Defunct New Zealand newspaper (1852–1989)

The Taranaki Herald was an afternoon daily newspaper, published in New Plymouth, New Zealand. It began publishing as a four-page tabloid on 4 August 1852. It was the first newspaper published in Taranaki, and it became the country's oldest daily newspaper when the Lyttelton Times closed in 1935. The Taranaki Herald ceased publication in 1989.

==History==

The newspaper was founded by William Collins and Garland William Woon, who hired William Morgan Crompton as its first editor. It began as a weekly paper, moved to twice-weekly publication in 1867 and began appearing daily in 1877.

Crompton was replaced as editor in 1854 by Richard Pheney, who quit in November 1856 when he opposed the newspaper owner's support for George Cutfield over Charles Brown as Taranaki Superintendent. In May 1857 Pheney was appointed as the first editor of a rival newspaper, the Taranaki News, which changed its name to the Taranaki Daily News when it began daily publication three years later.

Woon, who took over as editor following Pheney's departure, became renowned for his reporting of conflicts between imperial forces and local Māori in the First Taranaki War, with his paper being sold by subscription throughout Europe. In May 1860 he was accused by military authorities of writing material that could give "information to the enemy" after criticising the defence of the town and he ran an issue with one offending paragraph removed, the white space being filled with fullpoints. It remained the one and only time the Herald was censored.

In late 1867, the paper was sold to Henry Weston and his family retained strong links with the paper for the next 111 years. Weston was sole proprietor until 1920; his nephew Walter C. Weston took over until 1930 when it was registered as a private company. Weston remained as chairman and managing director and his wife, Lillian Weston, was a director until her death in 1978.

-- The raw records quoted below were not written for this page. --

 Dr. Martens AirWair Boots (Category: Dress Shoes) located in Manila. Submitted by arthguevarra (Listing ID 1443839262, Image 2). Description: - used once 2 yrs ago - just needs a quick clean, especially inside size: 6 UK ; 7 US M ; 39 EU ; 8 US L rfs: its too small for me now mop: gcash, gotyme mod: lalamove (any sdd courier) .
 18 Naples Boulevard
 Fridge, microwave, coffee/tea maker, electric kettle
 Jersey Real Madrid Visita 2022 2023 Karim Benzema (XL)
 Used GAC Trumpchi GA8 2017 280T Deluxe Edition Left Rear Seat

===Merger and end of publication===

In 1962, the Taranaki Herald and Taranaki Daily News, both of which were struggling with rising costs and the need for updated equipment, were amalgamated as Taranaki Newspapers Ltd, a subsidiary of NZ News Ltd, which owned the Auckland Star and Christchurch Star. Publication was merged at the Herald building in Currie St, New Plymouth, which it had occupied since 1900, and while the administration and publishing activity was combined, the editorial departments were kept separate and stayed fiercely competitive. Taranaki Newspapers was bought by Independent Newspapers Ltd (INL) in 1989, which closed the Herald because of falling circulation and advertising volumes.

==Other newspapers by same publisher==
Other newspapers published by the Herald included the Budget and the Taranaki Weekly Herald (1877–1932), the Sports Herald (1926–1930, 1946–1972) and during World War II a special weekly Overseas News Sheet for servicemen.

==Editors and journalists==

Editors included: William Henry John Seffern (1868–1895), Walter J. Penn (1895–1932), G. H. Dolby (1932–1937), A. B. Scanlan (1937–1965), Rash Avery (1965–1973), George Koea (1973–1987) and Lance Girling-Butcher (1987–1989). Walter J. Penn was father of Constance Penn Chapple and grandfather to Pilot Officer Paxton Chapple who died in service in Italy on 25 April 1945 and is buried in Ancona War Cemetery, Provincia di Ancona, Marche, Italy.

Its journalists have included June Litman, New Zealand's first female news editor, broadcaster Derryn Hinch, Western Institute of Technology at Taranaki (WITT) journalism head Jim Tucker, INL boss Rick Neville, former Dominion editor Richard Long, Ray Cleaver and singer Lew Pryme.